In his study of advertising’s cultural impact, The Conquest of Cool , Thomas Frank compares the advertising of the 1960s with that of the early 1990s:

How [advertisers] must have rejoiced when the leading minds of the culture industry announced the discovery of an all-new angry generation, the “Twenty-Somethings,” complete with a panoply of musical styles, hairdos, and verbal signifiers ready-made to rejuvenate advertising’s sagging credibility…. The strangest aspect of what followed wasn’t the immediate onslaught of even hipper advertising, but that the entire “Generation X” discourse repeated…the discussions of youth culture that had appeared in Advertising Age , Madison Avenue , and on all those youth-market panel discussions back in the sixties. 16

To be clear, advertisers have not set out to consciously manipulate the public in the name of consumer culture. Rather, advertisers are simply doing their job—one that has had an enormous influence on culture.

Advertising Stereotypes

The White, middle-class composition of ad agencies contributed to advertisements’ rare depictions of minority populations. DDB—the agency responsible for the Volkswagen ads of the 1960s—was an anomaly in this regard. One of its more popular ads was for Levy’s rye bread. Most conventional advertisers would have ignored the ethnic aspects of this product and simply marketed it to a mainstream White audience. Instead, the innovative agency created an ad campaign that made ethnic diversity a selling point, with spots featuring individuals from a variety of racial backgrounds eating the bread with the headline “You don’t have to be Jewish to love Levy’s.”

During the 1950s, stereotypical images of African Americans promulgated by advertisers began to draw criticism from civil rights leaders. Icons such as Aunt Jemima, the Cream of Wheat chef, and the Hiram Walker butler were some of the most recognizable black figures in U.S. culture. Unlike the African Americans who had gained fame through their artistry, scholarship, and athleticism, however, these advertising characters were famous for being domestic servants.

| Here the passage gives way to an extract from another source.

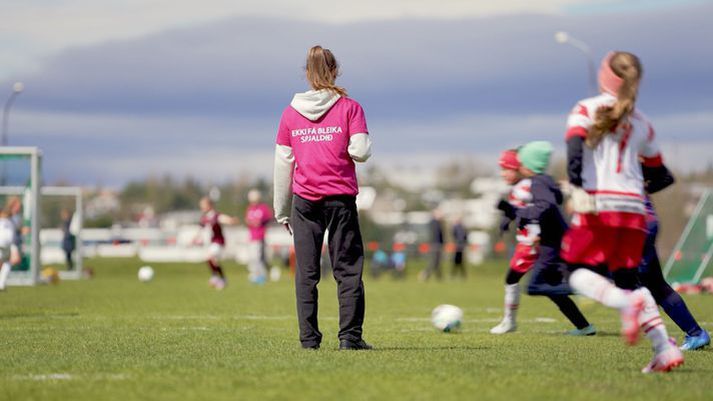 Knattspyrna er langvinsælasta íþróttin meðal barna í Reykjavík.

During the 1960s, meetings of the American Association of Advertising Agencies (AAAA) hosted civil rights leaders, and agencies began to respond to the criticisms of bias. A New York survey in the mid-1960s discovered that Blacks were underrepresented at advertising agencies. Many agencies responded by hiring new African American employees, and a number of Black-owned agencies started in the 1970s. 17

Early advertising frequently reached out to women because they made approximately 80 percent of all consumer purchases. Thus, women were well represented in advertising. However, those depictions presented women in extremely narrow roles. Through the 1960s, ads targeting women generally showed them performing domestic duties such as cooking or cleaning, whereas ads targeting men often placed women in a submissive sexual role even if the product lacked any overt sexual connotation. A National Car Rental ad from the early 1970s featured a disheveled female employee in a chair with the headline “Go Ahead, Take Advantage of Us.” Another ad from the 1970s pictured a man with new Dacron slacks standing on top of a woman, proclaiming, “It’s nice to have a girl around the house (Frauenfelder, 2008).”

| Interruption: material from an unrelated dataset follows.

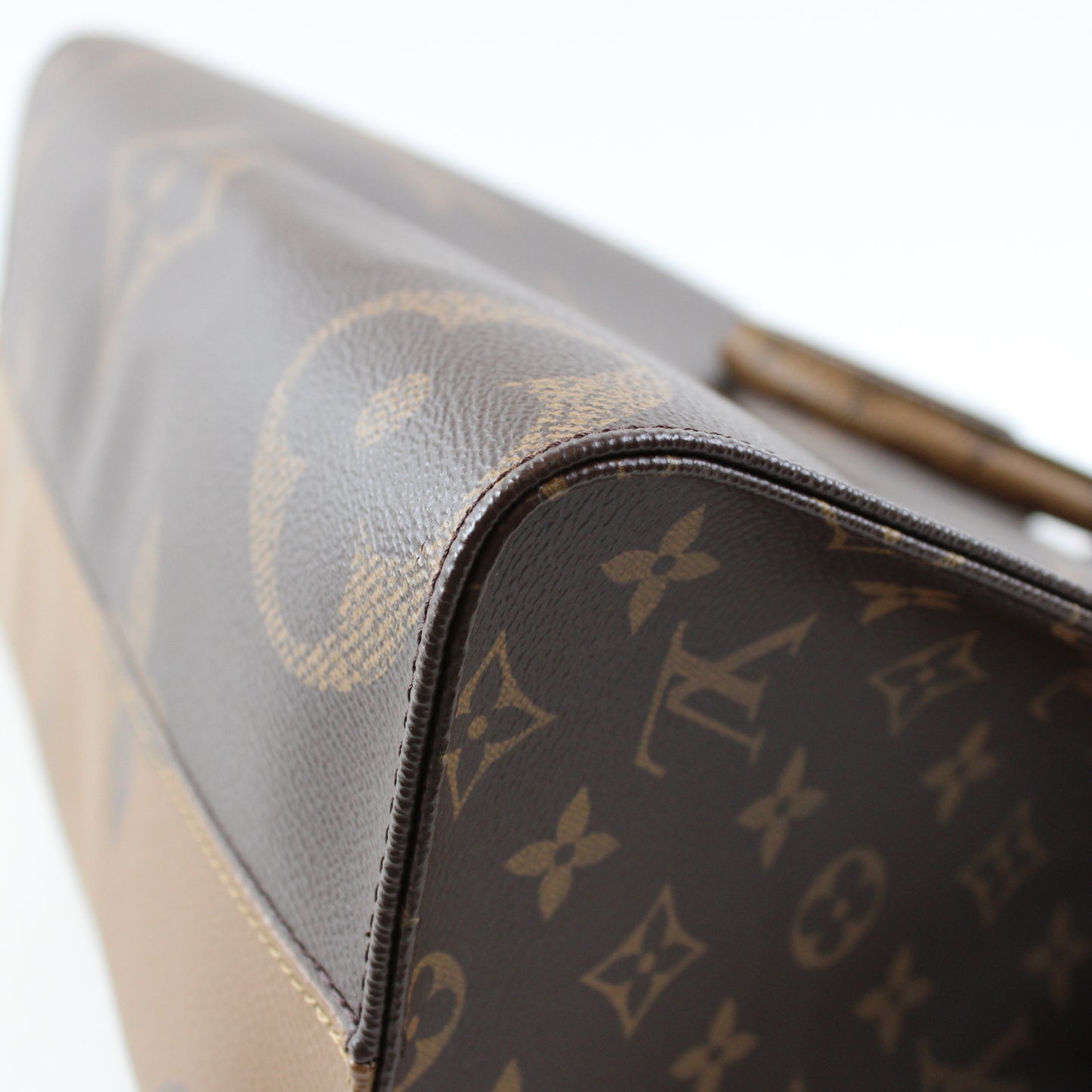 Louis Vuitton On The Go MM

An advertising profile printed in Advertising Age magazine gave a typical advertiser’s understanding of the housewife at the time:

She likes to watch TV and she does not enjoy reading a great deal. She is most easily reached through TV and the simple down-to-earth magazines…. Mental activity is arduous for her…. She is a person who wants to have things she can believe in rather than things she can think about (Rodnitzky, 1999).

The National Organization for Women (NOW) created a campaign during the early 1970s targeting the role of women in advertisements. Participants complained about the ads to networks and companies and even spray-painted slogans on offensive billboards in protest.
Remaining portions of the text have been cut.